Problem details :: Using the listing below, reproduce exactly the lines from the one with "Harunouta Slider Design" through the last, with all pictures left out.

Dataset extract ::
++++++

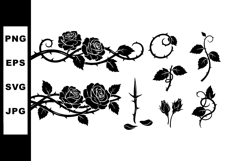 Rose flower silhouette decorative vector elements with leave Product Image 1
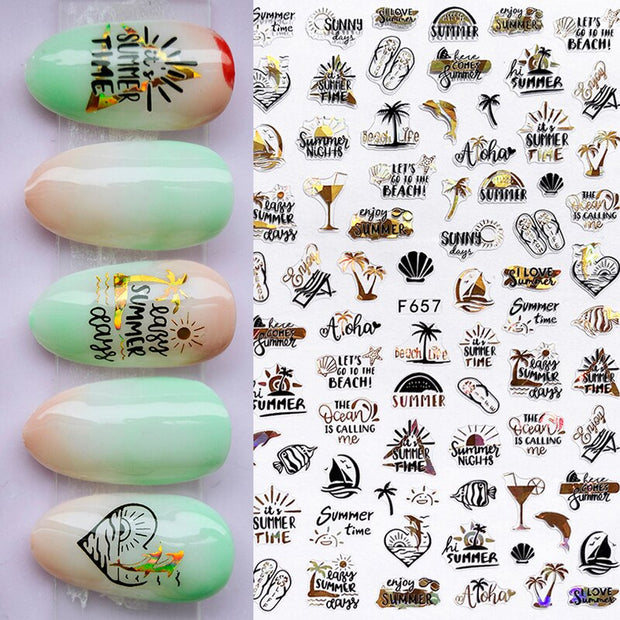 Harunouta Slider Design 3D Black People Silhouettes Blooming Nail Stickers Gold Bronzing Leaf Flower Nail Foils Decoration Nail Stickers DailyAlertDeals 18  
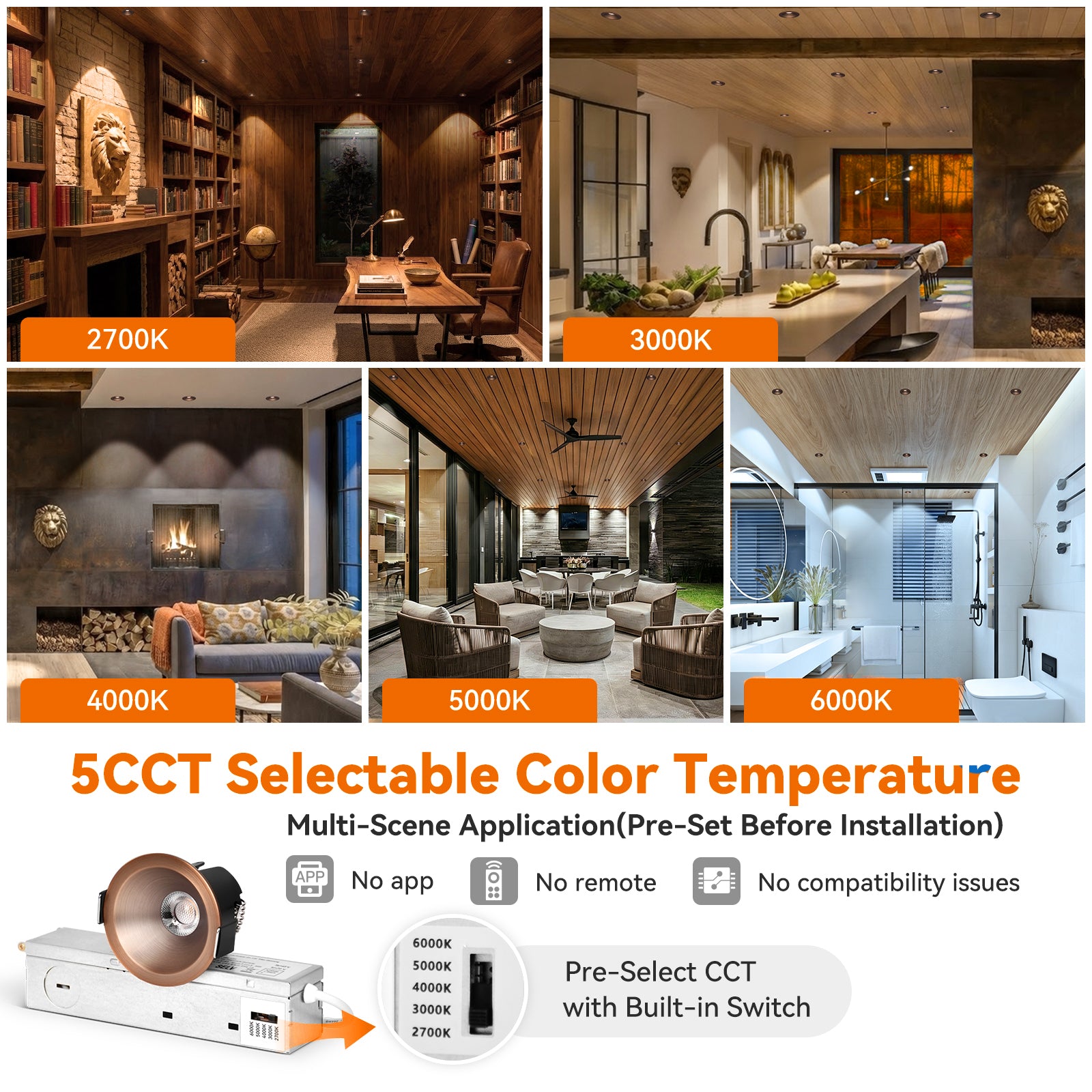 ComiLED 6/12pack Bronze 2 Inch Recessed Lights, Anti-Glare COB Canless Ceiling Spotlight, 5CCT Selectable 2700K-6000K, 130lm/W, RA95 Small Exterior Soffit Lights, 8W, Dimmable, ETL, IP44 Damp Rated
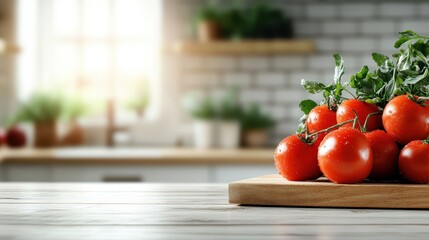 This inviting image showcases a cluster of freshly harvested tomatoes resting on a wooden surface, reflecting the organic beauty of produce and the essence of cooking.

++++++

Response box ::
 Harunouta Slider Design 3D Black People Silhouettes Blooming Nail Stickers Gold Bronzing Leaf Flower Nail Foils Decoration Nail Stickers DailyAlertDeals 18  
 ComiLED 6/12pack Bronze 2 Inch Recessed Lights, Anti-Glare COB Canless Ceiling Spotlight, 5CCT Selectable 2700K-6000K, 130lm/W, RA95 Small Exterior Soffit Lights, 8W, Dimmable, ETL, IP44 Damp Rated
 This inviting image showcases a cluster of freshly harvested tomatoes resting on a wooden surface, reflecting the organic beauty of produce and the essence of cooking.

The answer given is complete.